PAGE UNDER CONSTRUCTION

Encoding for categorical variables

Why do we need to encode variables?

It is common to have a dataset that consists of some categorical variables. For example, a lot of data is captured about people and may contain fields such as "sex", "nationality", or "employment status". Location data may have a "country" field but datasets can also have context specific categorical variables too such as the "embarked" and "survived" features in the popular titanic dataset.

Most machine learning techniques requires numeric input features so categorical and text features need to be transformed prior to their use in these models.

Ordinal Encoding

You may be thinking, my data is already numerical because each category has just been assigned a unique integer. Fantastic, so long as those numbers are normalized, or at least not too large, then you can use them and this is in fact the first encoding technique we'll be looking at; Ordinal Encoding.

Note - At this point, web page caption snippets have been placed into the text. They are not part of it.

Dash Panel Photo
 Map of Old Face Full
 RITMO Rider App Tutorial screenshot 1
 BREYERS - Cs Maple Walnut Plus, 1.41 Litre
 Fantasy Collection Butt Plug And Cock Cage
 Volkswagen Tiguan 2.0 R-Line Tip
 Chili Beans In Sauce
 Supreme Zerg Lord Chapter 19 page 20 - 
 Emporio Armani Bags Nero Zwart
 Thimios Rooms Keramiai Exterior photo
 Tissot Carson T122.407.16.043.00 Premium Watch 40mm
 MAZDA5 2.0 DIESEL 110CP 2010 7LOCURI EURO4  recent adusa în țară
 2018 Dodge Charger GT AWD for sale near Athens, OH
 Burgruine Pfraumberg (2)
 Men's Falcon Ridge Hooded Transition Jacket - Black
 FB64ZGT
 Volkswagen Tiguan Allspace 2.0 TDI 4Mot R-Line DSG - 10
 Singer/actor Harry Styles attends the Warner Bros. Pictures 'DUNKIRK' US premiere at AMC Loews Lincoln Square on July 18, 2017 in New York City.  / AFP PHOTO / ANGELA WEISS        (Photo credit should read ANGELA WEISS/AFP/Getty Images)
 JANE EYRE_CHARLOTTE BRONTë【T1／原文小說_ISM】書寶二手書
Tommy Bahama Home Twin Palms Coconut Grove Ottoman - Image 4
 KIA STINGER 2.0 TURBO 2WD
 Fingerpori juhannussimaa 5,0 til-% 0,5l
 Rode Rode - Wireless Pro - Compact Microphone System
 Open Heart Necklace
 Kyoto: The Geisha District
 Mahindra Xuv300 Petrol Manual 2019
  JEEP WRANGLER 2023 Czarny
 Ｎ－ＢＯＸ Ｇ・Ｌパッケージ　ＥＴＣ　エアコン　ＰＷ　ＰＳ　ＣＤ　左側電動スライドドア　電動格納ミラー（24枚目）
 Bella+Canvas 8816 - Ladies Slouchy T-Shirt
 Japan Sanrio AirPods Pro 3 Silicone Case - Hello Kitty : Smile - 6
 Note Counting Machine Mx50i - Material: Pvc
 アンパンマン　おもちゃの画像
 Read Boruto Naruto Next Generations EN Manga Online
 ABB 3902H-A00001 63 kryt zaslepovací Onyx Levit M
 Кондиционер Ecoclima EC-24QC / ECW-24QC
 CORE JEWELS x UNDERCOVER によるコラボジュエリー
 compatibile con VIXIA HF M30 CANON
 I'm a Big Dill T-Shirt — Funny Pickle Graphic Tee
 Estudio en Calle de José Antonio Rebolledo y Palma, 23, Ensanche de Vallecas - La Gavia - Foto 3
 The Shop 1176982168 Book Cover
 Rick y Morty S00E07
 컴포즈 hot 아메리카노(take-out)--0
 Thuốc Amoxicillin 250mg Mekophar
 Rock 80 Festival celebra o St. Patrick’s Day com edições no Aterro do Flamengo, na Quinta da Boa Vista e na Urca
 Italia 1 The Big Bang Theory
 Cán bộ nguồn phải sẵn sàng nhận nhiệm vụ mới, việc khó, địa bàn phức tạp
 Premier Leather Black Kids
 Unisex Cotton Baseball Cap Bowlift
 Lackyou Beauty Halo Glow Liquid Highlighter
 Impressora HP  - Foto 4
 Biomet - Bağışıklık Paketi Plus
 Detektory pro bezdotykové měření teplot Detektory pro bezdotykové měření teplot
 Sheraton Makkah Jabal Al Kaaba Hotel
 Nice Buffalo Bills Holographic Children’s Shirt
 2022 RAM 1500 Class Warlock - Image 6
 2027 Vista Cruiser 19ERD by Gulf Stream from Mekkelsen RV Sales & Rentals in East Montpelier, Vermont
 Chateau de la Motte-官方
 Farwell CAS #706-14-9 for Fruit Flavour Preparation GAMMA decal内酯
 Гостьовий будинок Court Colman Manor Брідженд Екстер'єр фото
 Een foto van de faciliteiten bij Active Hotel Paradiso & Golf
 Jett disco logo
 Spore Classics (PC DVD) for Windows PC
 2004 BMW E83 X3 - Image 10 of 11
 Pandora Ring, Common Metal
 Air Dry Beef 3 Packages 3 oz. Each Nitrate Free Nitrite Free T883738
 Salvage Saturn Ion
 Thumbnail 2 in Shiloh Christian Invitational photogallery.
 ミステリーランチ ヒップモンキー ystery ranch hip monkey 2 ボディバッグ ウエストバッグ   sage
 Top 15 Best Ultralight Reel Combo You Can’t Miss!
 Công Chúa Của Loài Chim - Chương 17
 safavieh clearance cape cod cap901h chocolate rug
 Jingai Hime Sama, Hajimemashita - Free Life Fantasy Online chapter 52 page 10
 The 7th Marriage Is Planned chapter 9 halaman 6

Ordinal encoding, sometimes called integer encoding, is a method for converting categorical variables by assigning each new unique category entry the next largest integer number. For example, the feature ['cat', 'dog', 'rabbit', 'cat'] could be encoded to [0, 1, 2, 0]. This is simple and uses the least amount of resources to create and store the feature as each category is stored as an integer value. Missing, unknown, or unseen values can also be stored in an unused integer, typically -1. However, this approach also adds structure to the categorical values that may be counter productive. In our previous example, the encoding would imply that a 'rabbit' is twice as far from a 'cat' than a 'dog' and a 'dog' is as far from a 'cat' as it is a 'rabbit'. This imparted structure can cause issues, especially if the model being used assumes that these numbers are continuous or that the magnitude is important.

One-hot encoding

An alternative to integer encoding is to use one-hot encoding which creates a new binary feature for each unique value in the categorical feature resulting in N features where N is the number of unique entries in the categorical variable. For our example feature of ['cat', 'dog', 'rabbit', 'cat'] would become the following 3 features [[1,0,0,1], [0,1,0,0], [0,0,1,0]]. Here, the first feature would correspond to something like "is the original feature 'cat', yes or no?" and similarly for the other two features.

One can clearly see that as the number of unique categories increases then the number of features needed to represent them grows too. This can lead to having large numbers of features which in turn can have detrimental impacts on the performance and explainability of your model. There is also no information retained between different categories, for instance there would be no more correlation between 'cat' and 'lion' as there would be between 'cat' and 'spanner'. As each is now just a binary feature. There may be a correlation that exists when taking into account the target variable, i.e. the "is cat" feature and "is lion" feature may correlate to the same labels more often then the "is cat" feature correlates with teh "is spanner" feature.s

If correlation between features is important then other encodings exist such as transformations based on other information. For instance, target encoding uses a combination of the target average value for the particular categorical mean and the average of all target values to encode the categorical variables.